Setelah beberapa lama aku menemukan mobilnya, aku terus mengekor di belakang mobil Ismail. Aku klakson berkali-kali agar Ismail berhenti, tapi dia tidak perduli, mobilnya dilajukan dengan kecepatan lebih tinggi. Aku hanya bisa mengimbangi kecepatan mobil Ismail. Karena nggak sabar menunggu aku call dia tapi panggilanku tidak dijawab. Aku mengumpat di dalam hati. 

“AS*!” rutukku, kesal karena panggilanku direject.

Ternyata dia tidak menuju rumah, tapi ke arah bengkel. Dia punya bengkel mobil yang cukup besar, begitu memarkir mobil, tergesa berjalan ke arah mobilku. Dengan kasar dia membuka pintu mobil, lalu mengcengkeram krah bajuku. Diseretnya aku keluar dari mobil, kemudian mulai menghantamkan tinjunya padaku, aku geragapan dan tidak sempat menghindar.
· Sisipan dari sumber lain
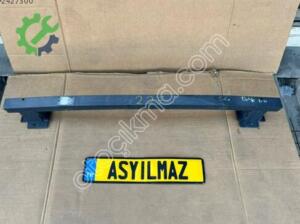 DOBLO ARKA TAMPON DEMİRİ ORJİNAL SIFIR 01-11 UYUMLU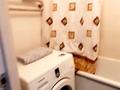 2-комнатная квартира · 50.5 м² · 17/19 этаж, Б. Момышулы 15/3 — Сатпаева за ~ 26 млн ₸ в Астане, Алматы р-н — фото 10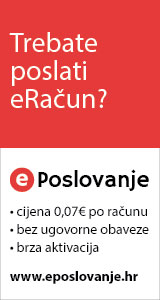 www.eposlovanje.hr
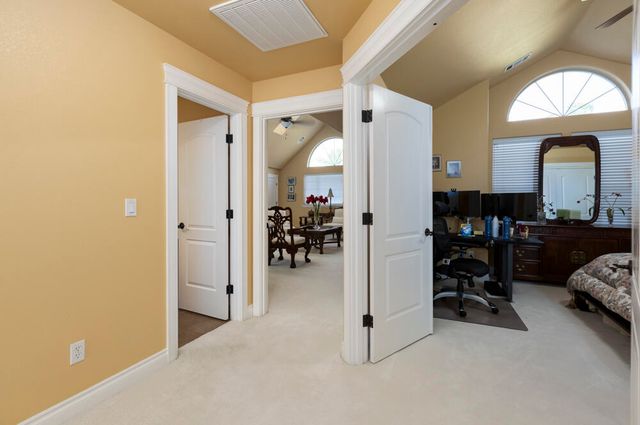 2567 SE Coriander Way, Grants Pass, OR 97527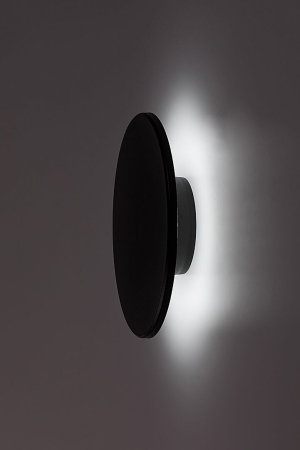 Aplica exterior Rabalux Rust LED 15W 1500lm 2700KK, 4000KK, 6500KK plastic black stil modern, IP65 77151 [4]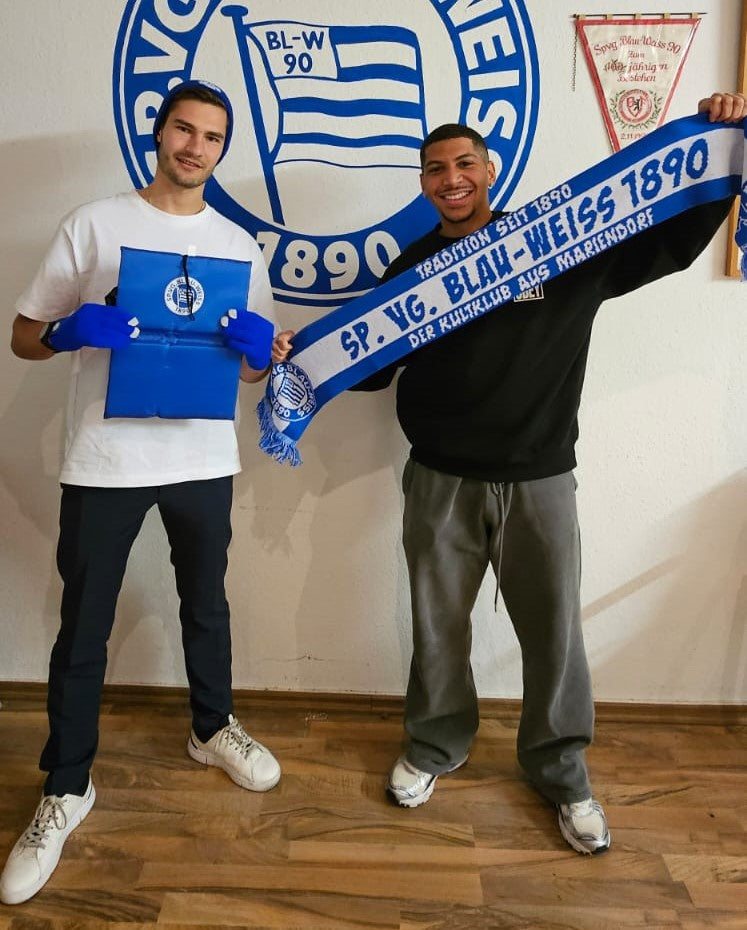 Schals & Co.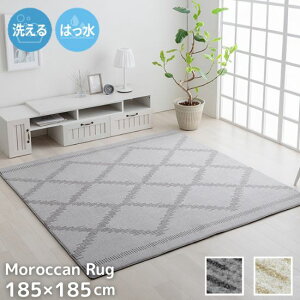 􂦂  E^ bJ O}bg 185×185cm  O J[ybg E^ bJfUC ӂ k  g  H ~ߕt 185×185 2 2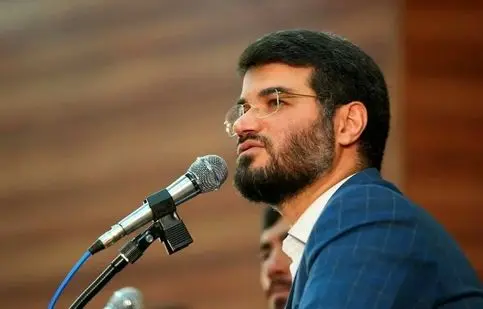 واکنش میثم مطیعی به یادداشت اخیر ظریف: صدای «مردگان سیاسی» صدای اکثریت ملت نیست/ ویدئو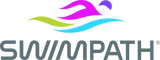 SwimPath - Home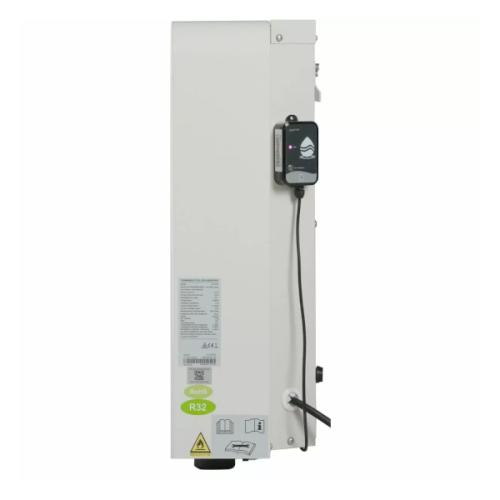 Осушитель для бассейна Aquajoy Air 3.5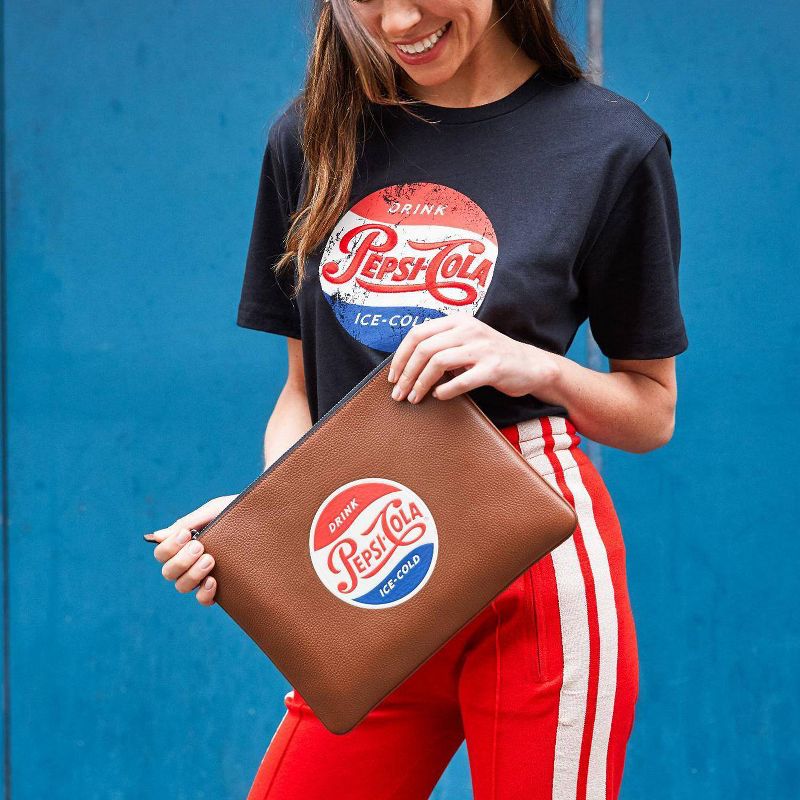 Diet Pepsi Wild Cherry Soda - 6pk/16.9 fl oz Bottles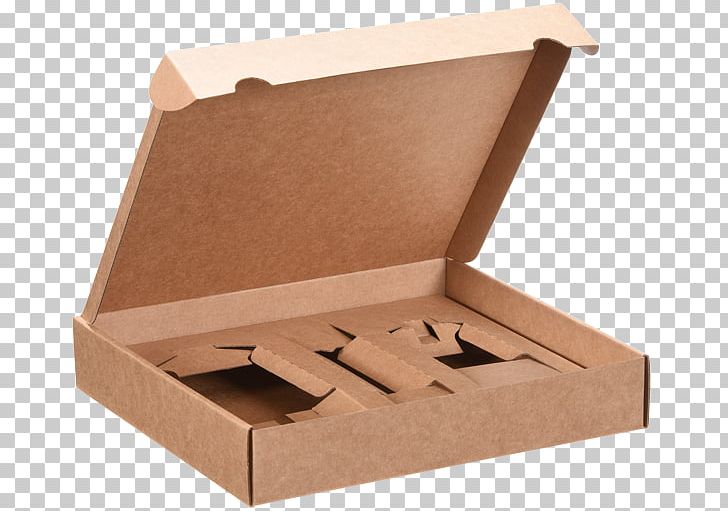 Cardboard Box Packaging And Labeling Paper Corrugated Fiberboard PNG, Clipart, Angle, Box, Cardboard, Cardboard Box, Carton Free PNG Download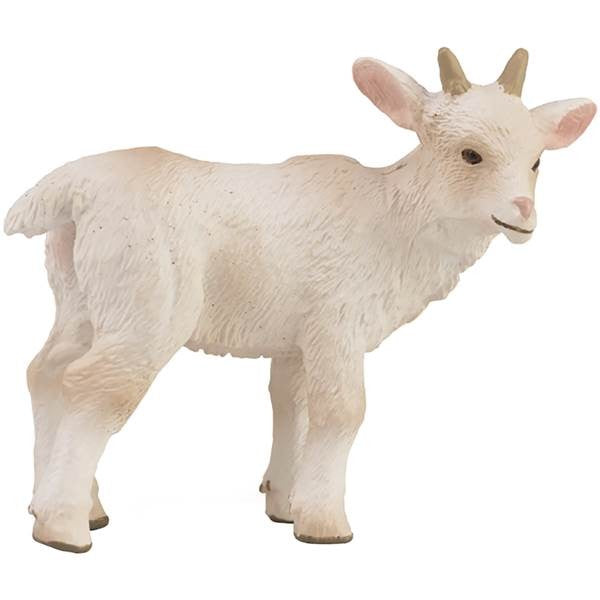 COLLECTA 88786 GOAT KID - STANDING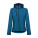 ZAGREB WOMEN. Softshelljacke für Damen, mit abnehmbarer Kapuze - 30181_74 - variant St 3018174-L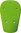 Ixon Hunker Protectors de maluc
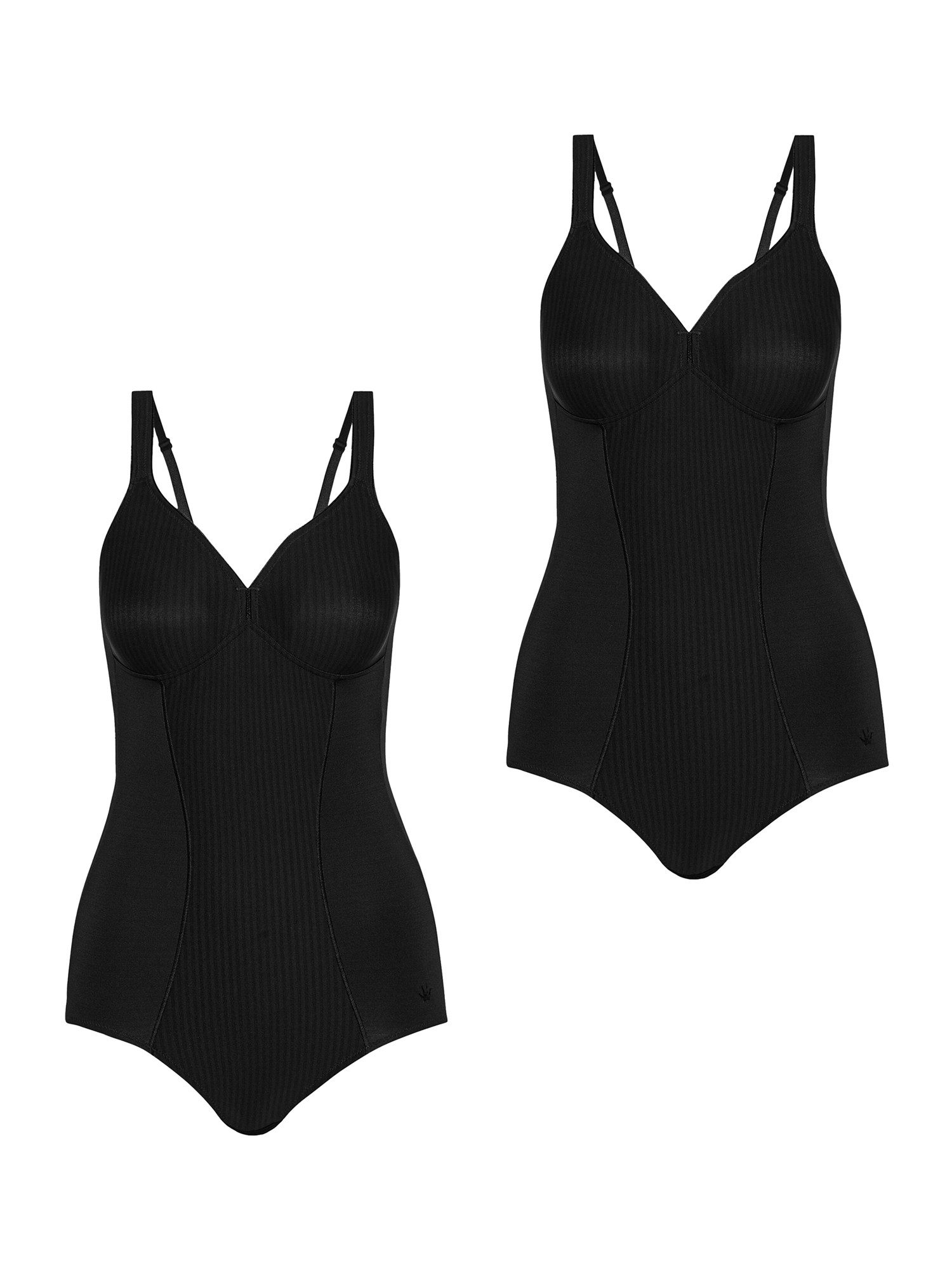 Body Modern Soft Cotton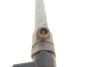 ІНЖЕКТОР BOSCH 0445110594 (фото 4)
Saat aku masih kliyengan, dengan beringas Ismail terus menghantamkan tinjunya, bertubi-tubi. Ditumbuknya wajahku. Seperti orang kesetanan Ismail menghajarku. Aku cuma bisa pasrah. Berusaha menutupi wajahku dengan kedua lengan. Namun tetap saja, setiap tinjunya mengenai wajah dengan keras.

Darah mulai mengucur dari pelipis, hidung, dan bibirku. Bagai seonggok baju aku nglimpruktak berdaya saat Ismail melepaskanku. Ismail jatuh terduduk tak jauh dariku, nafasnya terengah-engah. Tidak tergambar sedikitpun penyesalan di raut wajahnya. Bahkan sekilas aku melihat kepuasan di rona wajahnya, hanya sekilas kemudian menghilang. Ada amarah yang masih membuncah yang berusaha dia tahan. 

Beberapa detik kemudian, Ismail mengambil rokok dan pemantik dari saku baju lalu membakar rokok itu dengan pemantik. Disesapnya perlahan asap rokok itu, lalu dihembuskan perlahan, seolah ingin melepas semua yang menghimpit dada.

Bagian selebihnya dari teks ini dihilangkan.